Knight-Ridder Newspapers

LONG BEACH, Calif. - Compared to the last television baseball contract, Custer's Last Stand was a garden party.

CBS paid Major League Baseball $1.06 billion for four years of baseball (1989-1993), and it has already taken $500 million in losses because of poor ratings and the recession-wracked advertising industry. ESPN, which signed a four-year, $400 million deal, has taken $200 million in losses.

Obtaining baseball was a tool for CBS at the time, a device to assure affiliates the network was staying in business and, between the playoffs and World Series, provide a two-week prime-time ratings win. CBS achieved its goal, but at a price it didn't expect.

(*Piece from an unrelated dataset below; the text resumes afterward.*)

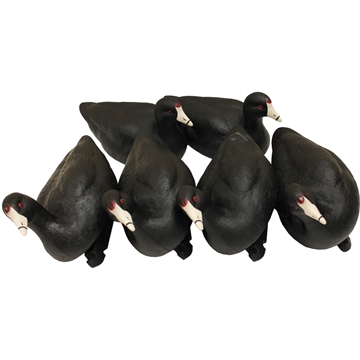 Picture of Mojo Outdoors MOJO Coot Confidence Decoys 6 pk. HW2514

"Baseball has given us much help in returning us to the No. 1 position in prime time," said Neal Pilson, CBS Sports president. "But on balance, if we had to do it again, we would not have paid the price. We didn't gauge the changes that occurred in the marketplace."

Or baseball's slide. Since 1982, regular-season ratings are off 48 percent and playoff-series ratings 41 percent. Even the hallowed World Series has been affected. The 1992 match between Toronto and Atlanta was the second-lowest rated Series in history, averaging a 20.2. The only lower ranking is the 1989 match that was interrupted by the San Francisco earthquake.

Baseball is being asked to adjust and take a 40 percent to 50 percent cut in TV money, or back to the rate of the previous contract. Combined, CBS and ESPN paid an average of $365 million per year the past four years. The previous contract (ABC/NBC, six years, $1.1 billion), averaged $183 million per year (and $6.5 million per team).

Network projections, in light of the recent losses, seems logical, but baseball is fighting it like a fastball on the hands. It did not answer CBS' two pleas for financial relief from the contract, intent to get full value from the deal despite CBS' plight, and is challenging the size of the losses.

David Alworth, baseball's director of broadcasting, said the TV committee acknowledges TV's losses, "but whether those numbers are exactly accurate, it's difficult for us to determine."

Alworth "doesn't want to agree" that a 50 percent cut is needed, and finds some encouraging parallels between today and 1989, when CBS bought baseball.

"Look at the position CBS was in," he said. "They needed major properties to help them get out of third place and did it with baseball and other events. That was their strategy. The market had changed. Now it's ABC at the top with NBC third. There are different drivers with different needs. They'll determine what it's worth."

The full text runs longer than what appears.